I should be used to it by now, but I remain irritated by news media attention given to celebrity antics which takes attention away from the vital issues of our time. Their abusive behavior (real or alleged) makes for popular copy. For example, comedian Jimmy Kimmel finds humor (and an audience) in an ongoing YouTube series, “I Told My Kids I Ate All Their Halloween Candy.” Parents are told by the TV star to steal candy from a baby. They then joyfully participate in the psychological abuse of their own children. Aldous Huxley and George Orwell wrote about these people a couple of generations ago. Presumably, the abusive parents watch late night TV rather than engage in late night reading.
I recall Bill Cosby from early comedy records and I Spy. He is known to younger generations for a sitcom and cartoons, Ford car commercials, commitment to youth education and the tragic death of his son. He became a vocal moralist lecturing us on use of foul language and bad behavior in general. It is important to have someone to remind us of these things. A recent biography claims that his reach was such that he made America ready for a black president. Was he, however, at some point tempted by his considerable power to assault the powerless?
Cosby’s attorney (although not the actor himself) denies the allegations against him. Kimmel would almost certainly deny that his antics are harmful to children. These offerings are symptomatic of a larger culture of humiliation. In reality TV (including celebrity scandals) participants willingly do stupid or absurd things; viewers participate in their own humiliation by agreeing to watch.
IF ONLY the abuse and humiliation of wild nature garnered similar coverage by the media and the same attention by listeners and viewers.
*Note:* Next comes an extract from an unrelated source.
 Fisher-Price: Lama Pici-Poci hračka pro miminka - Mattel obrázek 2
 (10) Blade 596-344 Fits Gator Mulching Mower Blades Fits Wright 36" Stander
Canadian caribou starve when icy rain rather than soft snow covers the lichens they eat. All wildlife is disappearing from Tibet because the Chinese occupiers don’t have the same respect for nature as the original Buddhist inhabitants. Where is the outrage? The wild animal victims can’t do interviews. We can look away from pictures of starving hoofed creatures while from Tibet we get almost no pictures at all thanks to government censors. Not that American media is likely to give more than passing notice to such issues even when images are available.
The humiliation visited upon abused women and children is not unlike that meted upon the earth’s harmless wild creatures on a daily basis. It is easy to abuse that which we devalue. As to the devalued themselves? The abused children of the Kimmel world perhaps will grow up to take out their repressed anger on the earth itself by becoming executives in coal, oil and natural gas companies.